When it works well, Astra is enthralling. The experience of striking up a conversation with your phone about something you’re both looking at feels fresh and seamless. In a media briefing yesterday, Google DeepMind shared a video showing off other uses: reading an email on your phone’s screen to find a door code (and then reminding you of that code later), pointing a phone at a passing bus and asking where it goes, quizzing it about a public artwork as you walk past. This could be generative AI’s killer app.
And yet there’s a long way to go before most people get their hands on tech like this. There’s no mention of a release date. Google DeepMind has also shared videos of Astra working on a pair of smart glasses, but that tech is even further down the company’s wish list.
Mixing it up
For now, researchers outside Google DeepMind are keeping a close eye on its progress. “The way that things are being combined is impressive,” says Maria Liakata, who works on large language models at Queen Mary University of London and the Alan Turing Institute. “It’s hard enough to do reasoning with language, but here you need to bring in images and more.
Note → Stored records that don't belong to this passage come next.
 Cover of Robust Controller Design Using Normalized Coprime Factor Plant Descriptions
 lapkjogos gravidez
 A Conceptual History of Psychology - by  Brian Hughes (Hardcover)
That’s not trivial.”
Liakata is also impressed by Astra’s ability to recall things it has seen or heard. She works on what she calls long-range context, getting models to keep track of information that they have come across before. “This is exciting,” says Liakata. “Even doing it in a single modality is exciting.”
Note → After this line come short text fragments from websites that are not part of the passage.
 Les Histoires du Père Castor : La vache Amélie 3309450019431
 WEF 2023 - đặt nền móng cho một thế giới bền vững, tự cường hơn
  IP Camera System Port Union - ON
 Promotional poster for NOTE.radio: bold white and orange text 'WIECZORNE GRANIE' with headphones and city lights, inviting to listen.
But she admits that a lot of her assessment is guesswork. “Multimodal reasoning is really cutting-edge,” she says. “But it’s very hard to know exactly where they’re at, because they haven’t said a lot about what is in the technology itself.”
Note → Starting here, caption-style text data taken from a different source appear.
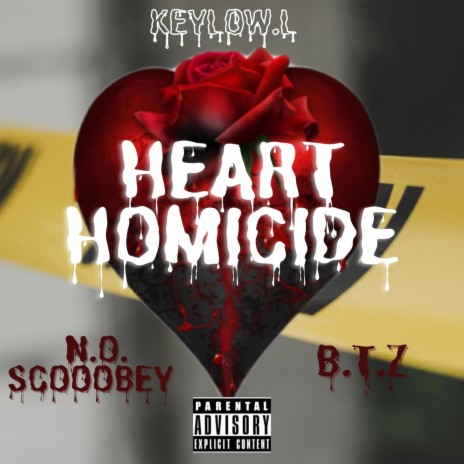 Heart Homicide c/s ft. B.T.Z & N.O. scooobey
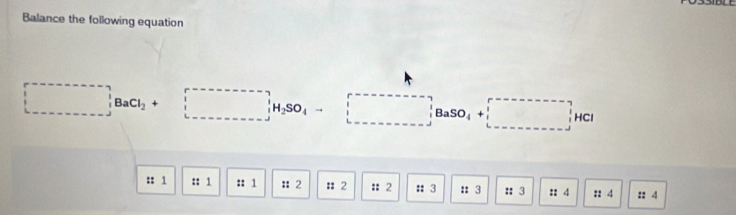 Balance the following equation 
□ ,BaCl_2+□ ,□^|H_2SO_4to □ , BaSO_4+□
:: 1 :: 1 :: 1 : 2 # 2 ::2 :: 3 ::3 :: 3 :: 4 :: 4 2: 4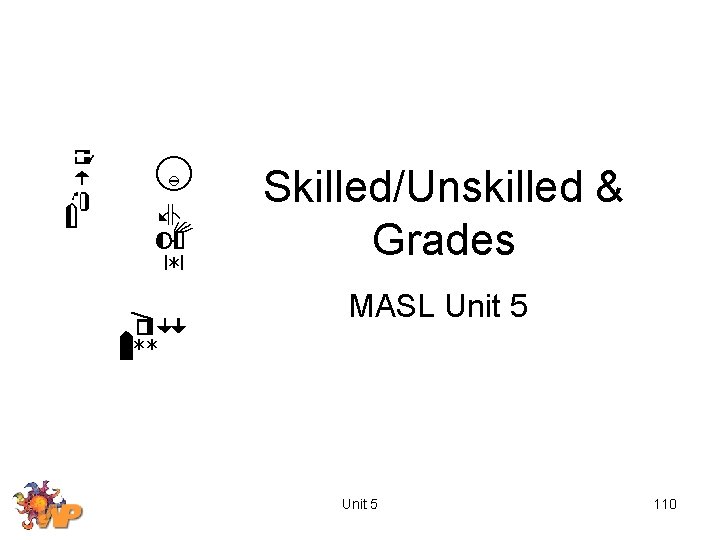 Skilled/Unskilled & Grades MASL Unit 5 110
For Bodhisattwa Majumder, a researcher who works on multimodal models and agents at the Allen Institute for AI, that’s a key concern. “We absolutely don’t know how Google is doing it,” he says.
He notes that if Google were to be a little more open about what it is building, it would help consumers understand the limitations of the tech they could soon be holding in their hands. “They need to know how these systems work,” he says. “You want a user to be able to see what the system has learned about you, to correct mistakes, or to remove things you want to keep private.”